Data entries:
______________________________

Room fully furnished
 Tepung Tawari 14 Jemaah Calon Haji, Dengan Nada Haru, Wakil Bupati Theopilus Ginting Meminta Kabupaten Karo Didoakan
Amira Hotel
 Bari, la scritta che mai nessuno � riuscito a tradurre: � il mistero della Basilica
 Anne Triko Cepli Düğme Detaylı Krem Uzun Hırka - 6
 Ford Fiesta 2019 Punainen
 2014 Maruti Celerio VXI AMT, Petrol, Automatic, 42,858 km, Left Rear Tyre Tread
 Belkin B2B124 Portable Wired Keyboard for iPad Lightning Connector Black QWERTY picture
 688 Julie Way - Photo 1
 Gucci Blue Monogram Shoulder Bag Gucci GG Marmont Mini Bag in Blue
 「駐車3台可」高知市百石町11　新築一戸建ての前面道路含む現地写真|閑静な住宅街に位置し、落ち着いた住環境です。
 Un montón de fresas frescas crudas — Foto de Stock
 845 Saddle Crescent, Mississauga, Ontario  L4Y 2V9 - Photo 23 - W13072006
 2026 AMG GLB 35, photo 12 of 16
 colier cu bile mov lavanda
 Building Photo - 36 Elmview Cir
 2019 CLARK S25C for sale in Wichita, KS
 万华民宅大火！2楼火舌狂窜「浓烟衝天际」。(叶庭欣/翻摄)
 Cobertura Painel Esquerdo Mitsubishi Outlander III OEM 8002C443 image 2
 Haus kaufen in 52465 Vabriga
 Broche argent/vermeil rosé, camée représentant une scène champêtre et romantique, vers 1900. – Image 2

______________________________

EXERCISE GOAL
Send back each record exactly, and include them all.

RESULT
Room fully furnished
 Tepung Tawari 14 Jemaah Calon Haji, Dengan Nada Haru, Wakil Bupati Theopilus Ginting Meminta Kabupaten Karo Didoakan
Amira Hotel
 Bari, la scritta che mai nessuno � riuscito a tradurre: � il mistero della Basilica
 Anne Triko Cepli Düğme Detaylı Krem Uzun Hırka - 6
 Ford Fiesta 2019 Punainen
 2014 Maruti Celerio VXI AMT, Petrol, Automatic, 42,858 km, Left Rear Tyre Tread
 Belkin B2B124 Portable Wired Keyboard for iPad Lightning Connector Black QWERTY picture
 688 Julie Way - Photo 1
 Gucci Blue Monogram Shoulder Bag Gucci GG Marmont Mini Bag in Blue
 「駐車3台可」高知市百石町11　新築一戸建ての前面道路含む現地写真|閑静な住宅街に位置し、落ち着いた住環境です。
 Un montón de fresas frescas crudas — Foto de Stock
 845 Saddle Crescent, Mississauga, Ontario  L4Y 2V9 - Photo 23 - W13072006
 2026 AMG GLB 35, photo 12 of 16
 colier cu bile mov lavanda
 Building Photo - 36 Elmview Cir
 2019 CLARK S25C for sale in Wichita, KS
 万华民宅大火！2楼火舌狂窜「浓烟衝天际」。(叶庭欣/翻摄)
 Cobertura Painel Esquerdo Mitsubishi Outlander III OEM 8002C443 image 2
 Haus kaufen in 52465 Vabriga
 Broche argent/vermeil rosé, camée représentant une scène champêtre et romantique, vers 1900. – Image 2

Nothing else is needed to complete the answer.